Registered: 12/09/05
Posts: 528
Loc: BW, Germany
Location: Guadalajara, Jalisco (JAL)

24/12/2008

Miss Sinaloa 2008 (Sinaloa is the infamous State of the "Sinaloa Cartel", home of most drug cartels of mexico), Laura Ziga, was arrested at a mexican Army checkpoint entering the city Guadalajara (600km north-west of Mexico City). She and her 8 "body guards" were searched after an anonymous tip came in.
The search brought to light 2 high powered automatic rifles with silencers (M-16 or the smaller SWAT type M-16), 3 handguns, 600 shots of ammunition, 16 cell phones and close to US$100,000 in cash.

Looking at the pictures the ammunition clips used by the men arrested look like the typical hardware used by the drug cartels... especially the round mega clips, that hold up to 200 shots...! And the fact that the M-16's had silencers is a clear indicator that those were not for self-defense purposes!
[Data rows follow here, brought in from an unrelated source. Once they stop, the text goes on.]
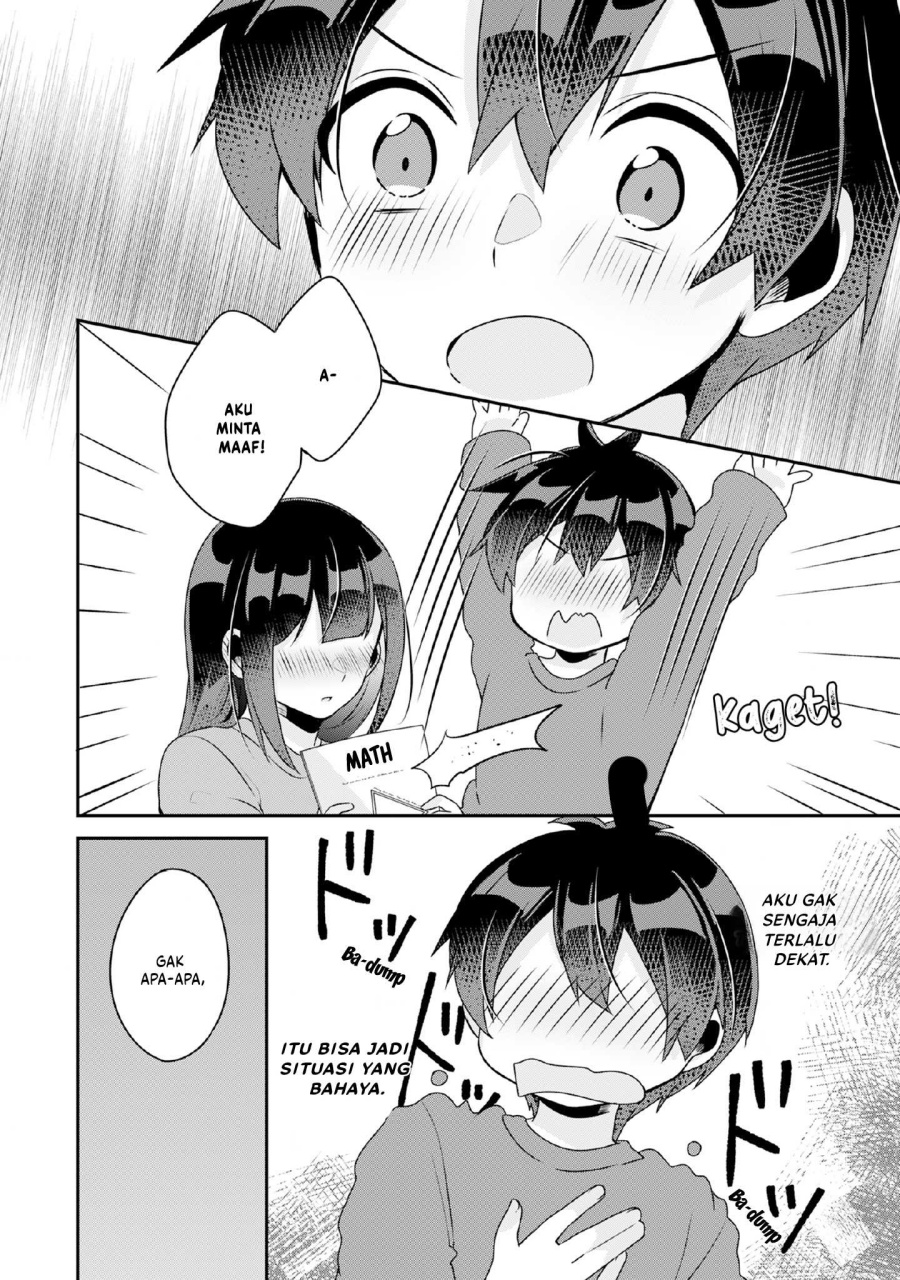 Class no Bocchi Gal wo Omochikaeri Shite Seisokei Bijin ni Shite Yatta Hanashi chapter 9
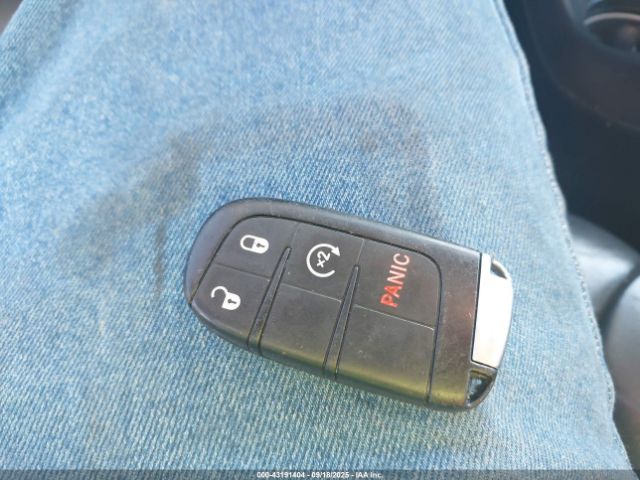 2016 DODGE JOURNEY 3C4PDCGBXGT172027 Photo 10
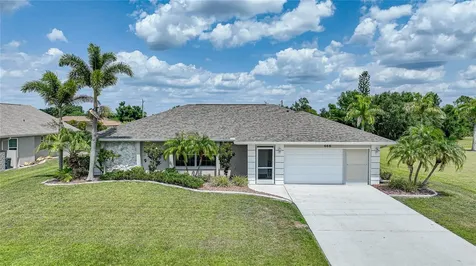 466 Guyana Street Punta Gorda FL 33983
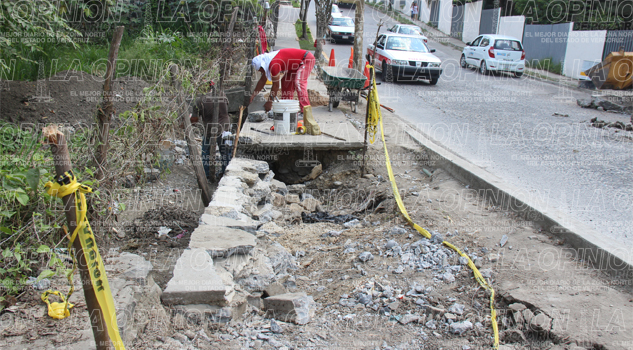 Menos obra en 2017 Menos obra en 2017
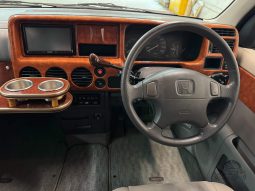 1998 Honda StepWgn Goodee full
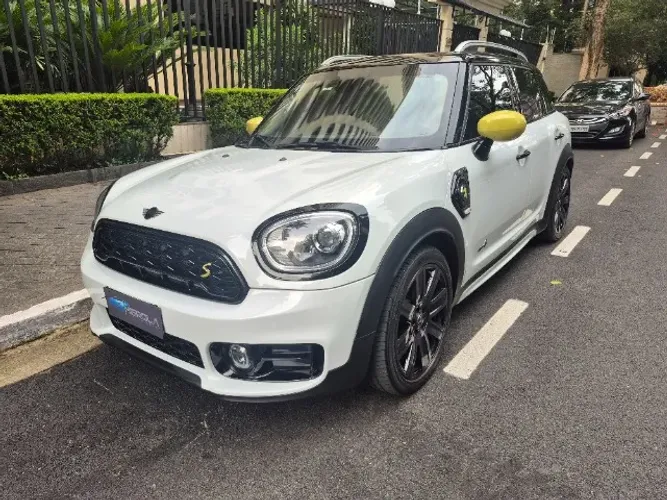 Mini Cooper Countryman S E All4 1.5 Híbrido 2020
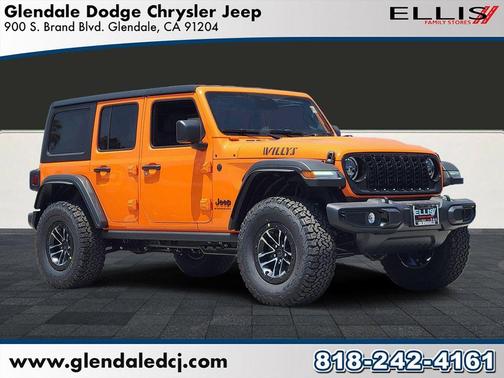 JOOSE 2026 Jeep Wrangler Sport
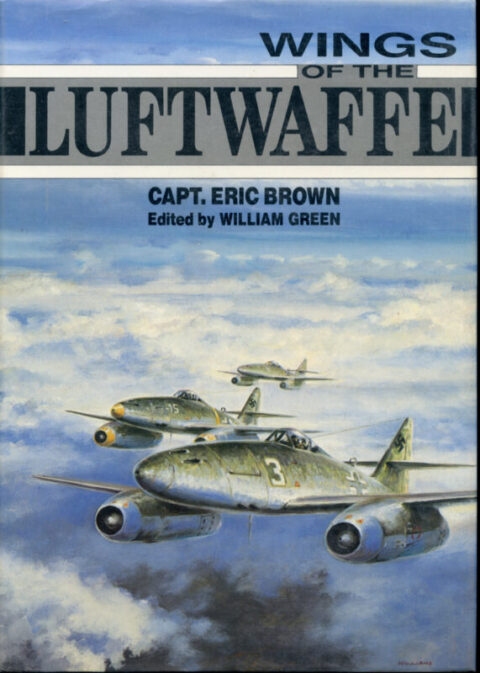 Wings of the Luftwaffe - Brown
Unless Miss Sinaloa and her gang is part of an army unit or a SWAT team (which is highly doubt...!!!)

In the middle of the photo is Laura Ziga, the only person with her head down and handcuffs in front of her, not behind her back like her "body guards":


In the middle of the photo is Laura Ziga:




Source of news and images: spiegel.de (german)

Personal note :
And it amazes me that someone with a bright future would get involved with such a business... Just looking at the morgue & street massacre photos say more than a thousand words about what the mexican public has to endure... To see a reigning beauty queen in sharp contrast shows what is involved in all this... the money from drugs corrupts a lot of people, not just in mexico, also in the U.S. and Europe. It would be stupid to think that "we" are immune to what is happening in mexico...!

If i recall correctly a former Puerto Rican beauty queen and then TV anchor was caught smuggling drugs into Puerto Rico a few years back, i think she's still in prison in Puerto Rico or the Dominican Republic... and i know that i don't want to be caught dead in a dominican or mexican prison...!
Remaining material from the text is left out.